BP has argued that renewable-energy returns will prove more stable than oil-and-gas profit over the long haul, helping its strategy pay off.

But the path has been rocky. In 2020, BP spent $1.1 billion to acquire 50% stakes in two Northeastern U.S. offshore-wind developments from Norwegian rival Equinor ASA, an early player in offshore wind. The move marked BP’s entry into the offshore-wind market. Other wind-project developers and investors still consider the price BP paid as inflated.

BP said the stakes and its new strategic partnership with Equinor would open up opportunities elsewhere in the U.S. offshore-wind market.
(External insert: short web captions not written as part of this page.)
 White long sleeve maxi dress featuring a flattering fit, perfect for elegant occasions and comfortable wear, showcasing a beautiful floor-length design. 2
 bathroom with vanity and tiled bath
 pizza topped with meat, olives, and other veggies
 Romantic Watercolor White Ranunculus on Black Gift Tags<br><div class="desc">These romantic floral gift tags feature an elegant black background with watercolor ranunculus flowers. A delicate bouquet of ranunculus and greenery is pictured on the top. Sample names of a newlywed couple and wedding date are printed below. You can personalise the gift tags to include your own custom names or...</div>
But project managers with other companies have seen BP shying away from expanding its U.S. offshore-wind ambitions as initially described, according to people familiar with the matter. BP balked at the last minute last year at joining Equinor in competing for wind-energy rights off California, some of the people say.

In October 2022, BP agreed to buy U.S. biogas producer Archaea Energy Inc. in a $4.1 billion deal including $3.3 billion in cash. It was BP’s biggest acquisition since 2018.

“One of the misconceptions about our strategy is that we’re going from oil to renewables. That is not what we are doing,” Mr. Looney said in a February 2022 podcast interview with Nicolai Tangen, head of Norges Bank Investment Management, the sovereign-wealth fund that invests Norway’s oil wealth and is one of BP’s biggest investors.

Mr. Looney went on to say that oil and gas remain core to BP and will help fund its “transition growth engines” like electric-vehicle charging and bioenergy. “Transition does not equal lower returns,” he said on the podcast.